Suddenly you realize that all this time you experienced not only subtle eye fatigue, but also a subconscious psychological irritation at the fact that your brain has always wanted to see clean letters and smooth lines in photographs — to experience on-screen images the way you experience vision in the physical world — but what you were actually seeing was a digital impressionist painting that wasn't quite what it was supposed to be.
Suddenly, there's harmony. Your eyes actually see what your brain wants to see. It feels good to look at these screens.
Another interesting attribute of the super high-resolution screens is that it's a new technology without controversy, except perhaps its higher price.

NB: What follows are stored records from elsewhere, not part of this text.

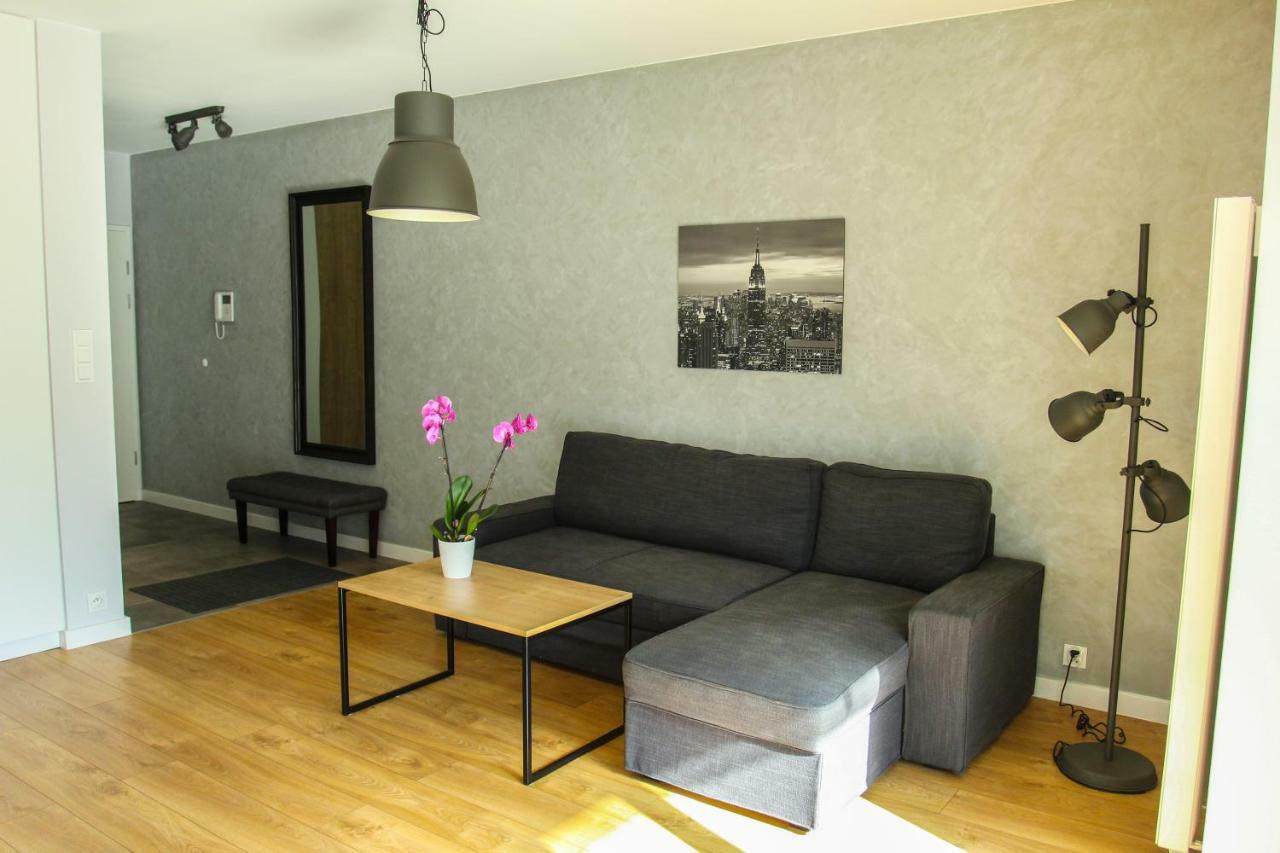 Apartamenty I.M.A Towarowa Poznań Extérieur photo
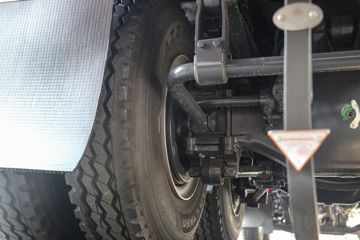 �������� ��ʨC6 ���ϼ�ǿ�� 440���� 8X4 7.6��CNG��ж��(����)(CQ3317HD12466N)ͼƬ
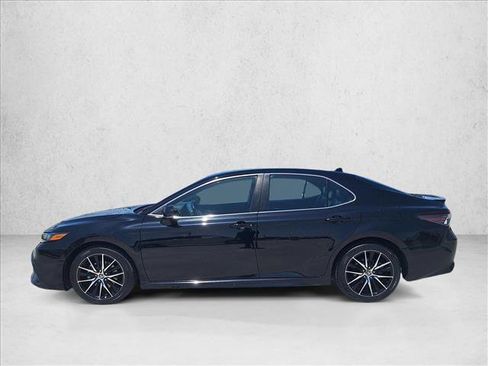 Used 2024 Toyota Camry SE FWD image 8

Almost every user interface advancement has been something to argue about, a question of preference. Some people love touchscreens, others hate them. Some people love Samsung's new Air View (in which getting a finger or stylus close to the screen without touching triggers certain behaviors), others hate it.
We live in a world of controversial user interface cul de sacs, gimmicks and parlor tricks.

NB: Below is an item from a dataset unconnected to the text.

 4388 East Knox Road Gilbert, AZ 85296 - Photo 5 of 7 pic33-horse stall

Yet super high-definition screens are a pure, unalloyed good for users lucky enough to enjoy good or corrected eyesight. They are just better.
And super high-resolution screens are making other things better, too.
Better interface design
Because all newer Apple phones have Retina-quality super HD displays with pixel densities of 326 ppi, Apple was able to create the first ever super HD-specific user interface.
When Apple unveiled iOS 7, some people said was a "flat" design devoid of skeuomorphism. Others said Apple copied other operating systems like Android and the Palm OS. Still others said iOS 7's bright, overly cheerful colors looked like some kind of My Little Pony theme.
There's vague truth to all these claims. But the most conspicuous attribute of iOS 7 is that it's a pure creature of the super HD world.
I've been playing with the developer release of iOS 7, and I've been struck by the purity of its vision for super high-definition displays.
For starters, Apple moved to a typeface called Helvetica Neue UltraLight, a super-thin font that appears in very small letters in iOS, such as under icons and for the display of the wireless carrier and time at the top of the screen. Top right on the main desktop view are location, alarm and "it's charging" mini icons that are microscopic, yet highly resolved. Many of the lines in icons and inside apps are incredibly thin.
All this adds up to a very designy look that would have been impossible on lower-resolution displays.